◆ **What is required**
Each record here should be printed again exactly; please leave its pictures out.

[Items from a data source]
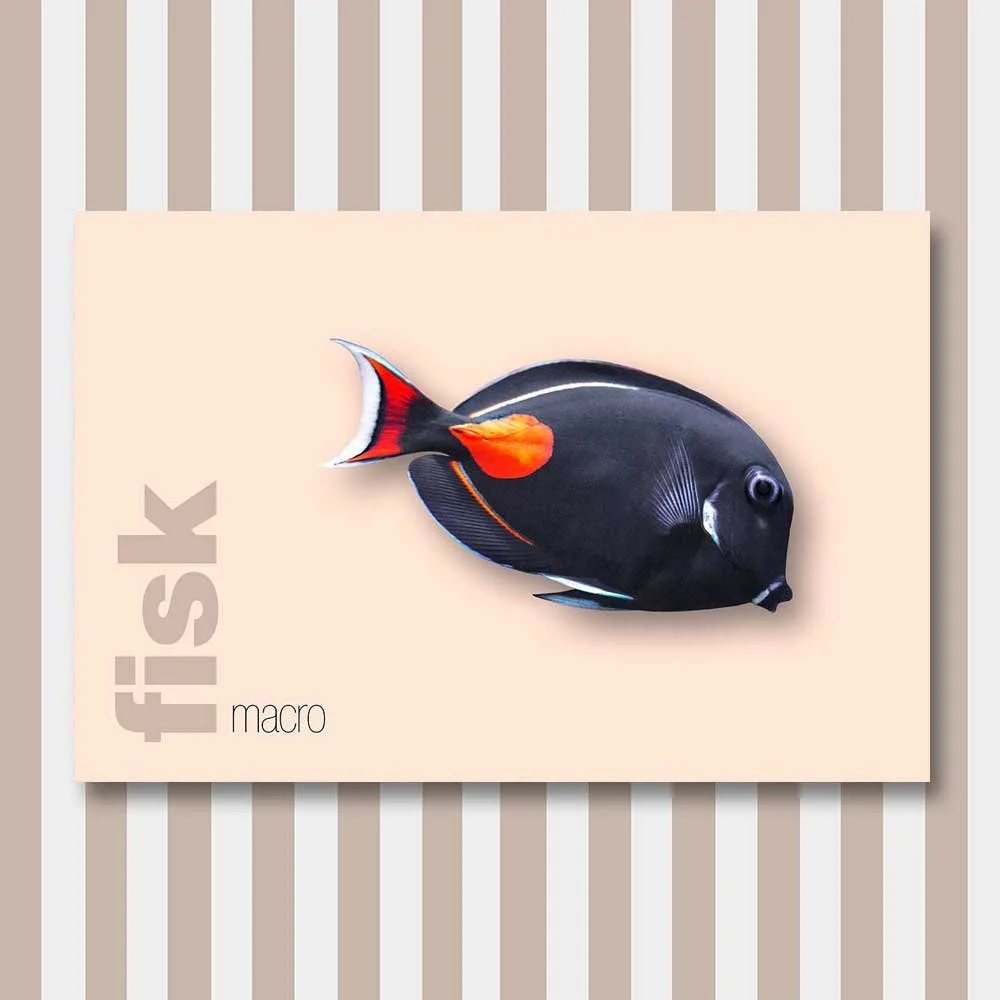 fisk 7.jpg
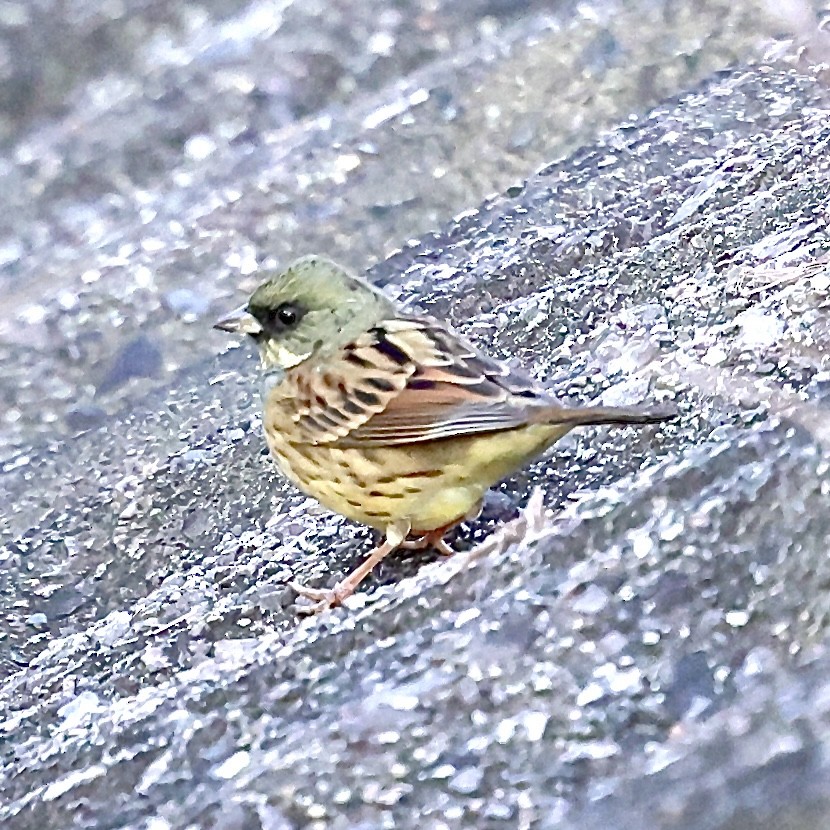 Masked Bunting - ML646552459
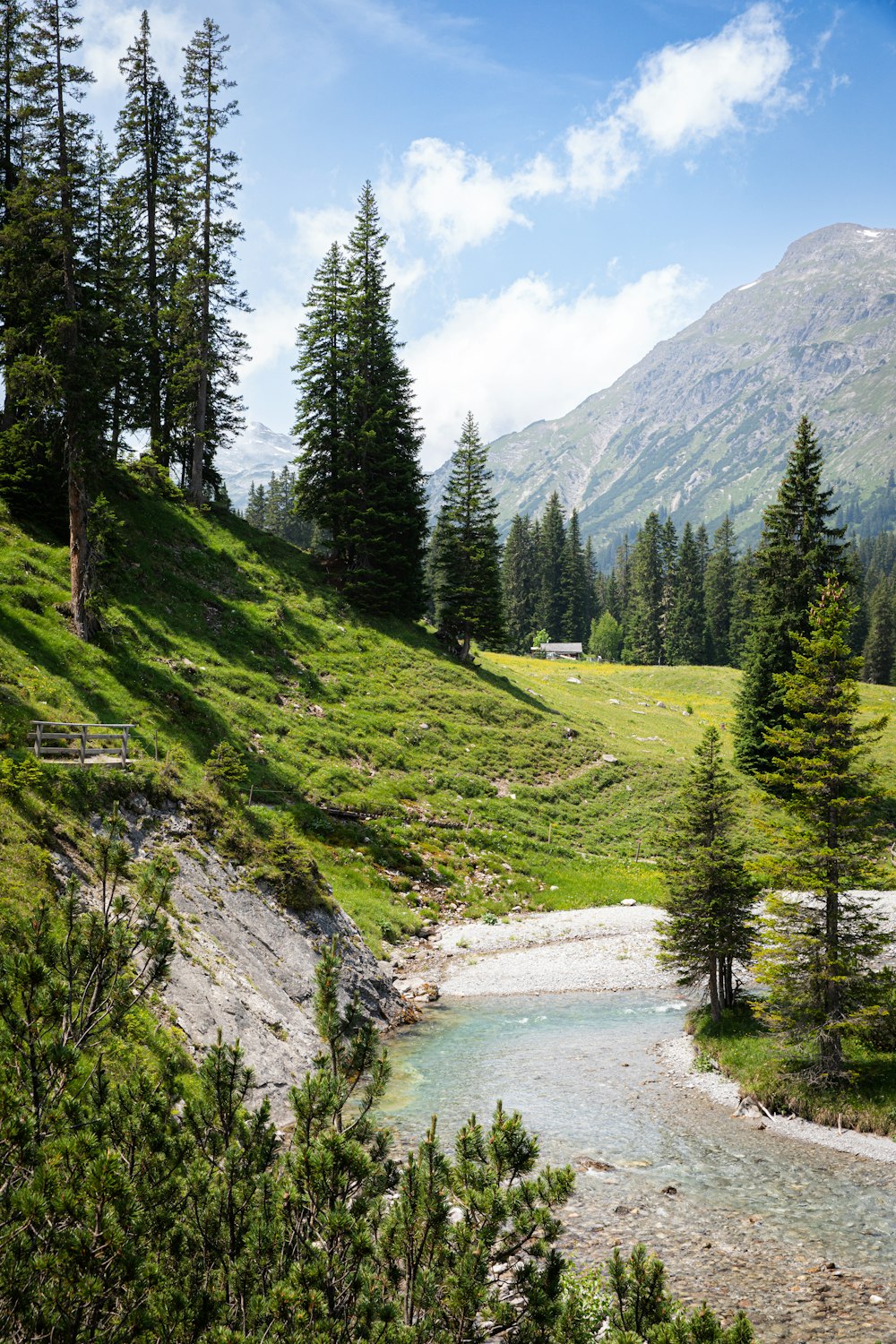 a river running through a lush green hillside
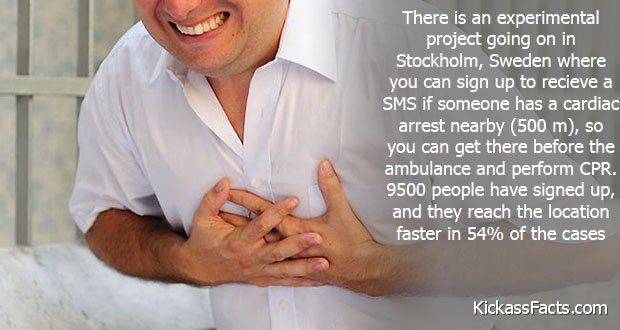 177Heart-Attack.jpg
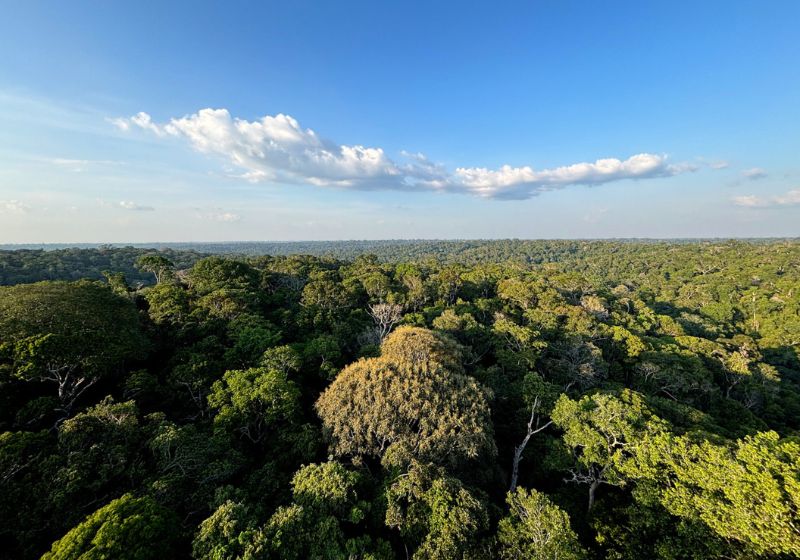 Um dia após a vitória de Lula, a Holanda anunciou investimento de até US$ 500 milhões no fundo ambiental criado pelo Brasil para preservar florestas e combater o desmatamento. - Foto: Tânia Rêgo/Agência Brasil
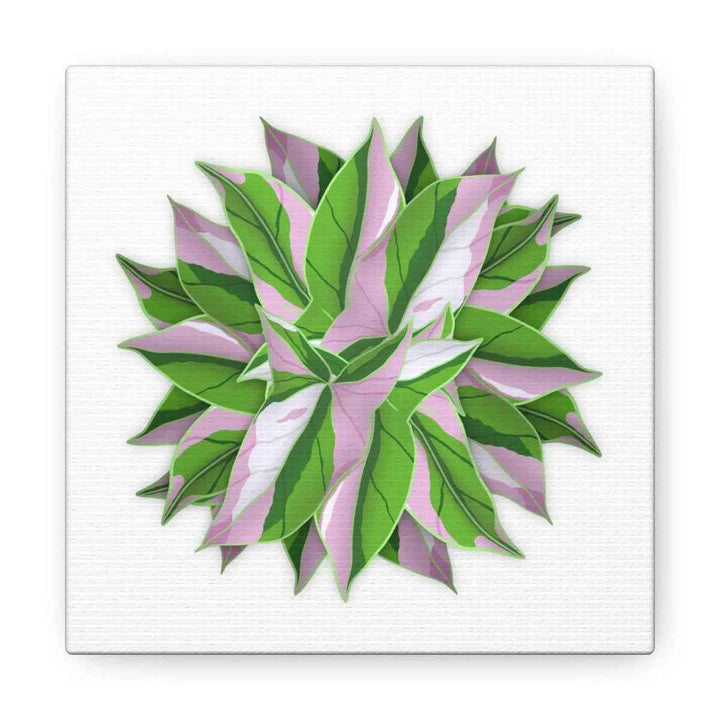 Tricolor Syngonium Canvas - Durable Canvas Art Print With Matte Finish & Botanical Design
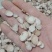 【白芍】新货无硫自产自销大货供应量大优惠规格齐全。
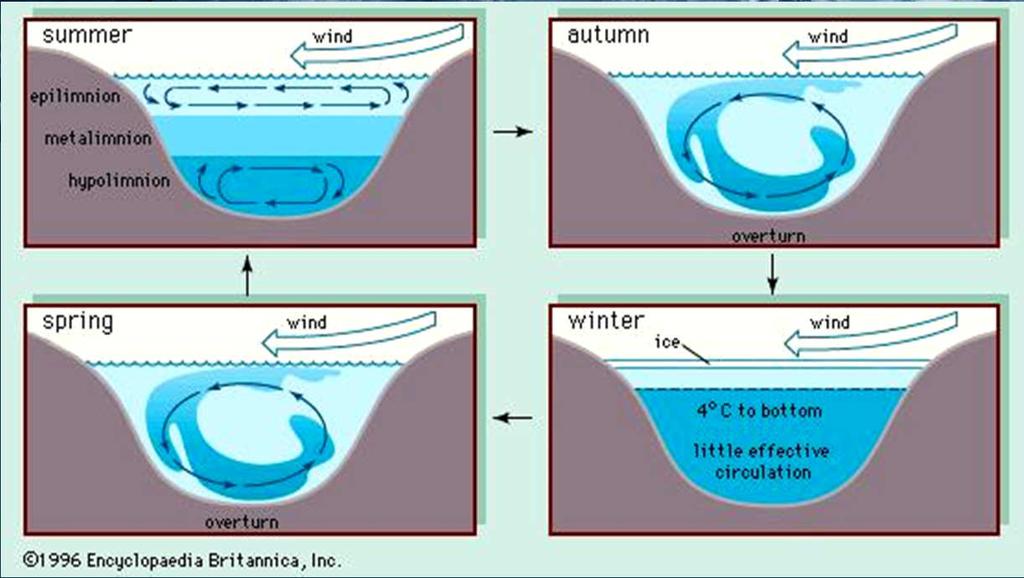 liquida.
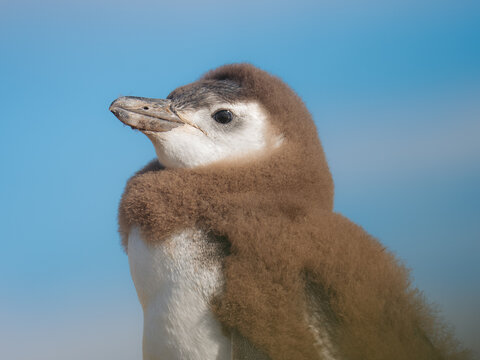 View of a fluffy, brown Magellanic penguin chick with a white chest and head stands against a bright, clear blue sky, Isla Magdalena, Chile.
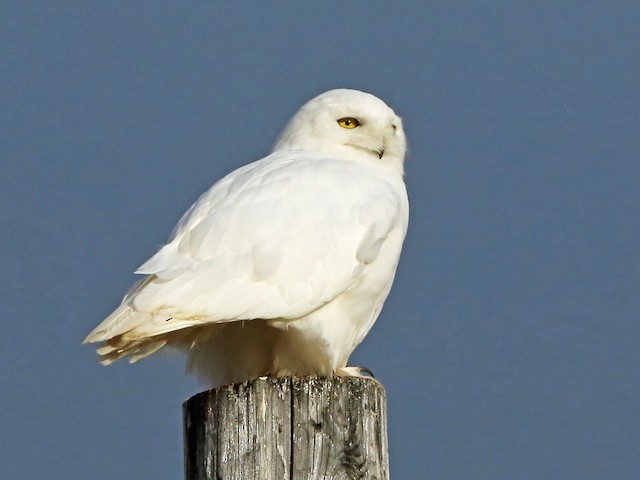 Adult male - Snowy Owl -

◆ **Expected answer**
 fisk 7.jpg
 Masked Bunting - ML646552459
 a river running through a lush green hillside
 177Heart-Attack.jpg
 Um dia após a vitória de Lula, a Holanda anunciou investimento de até US$ 500 milhões no fundo ambiental criado pelo Brasil para preservar florestas e combater o desmatamento. - Foto: Tânia Rêgo/Agência Brasil
 Tricolor Syngonium Canvas - Durable Canvas Art Print With Matte Finish & Botanical Design
 【白芍】新货无硫自产自销大货供应量大优惠规格齐全。
 liquida.
 View of a fluffy, brown Magellanic penguin chick with a white chest and head stands against a bright, clear blue sky, Isla Magdalena, Chile.
 Adult male - Snowy Owl -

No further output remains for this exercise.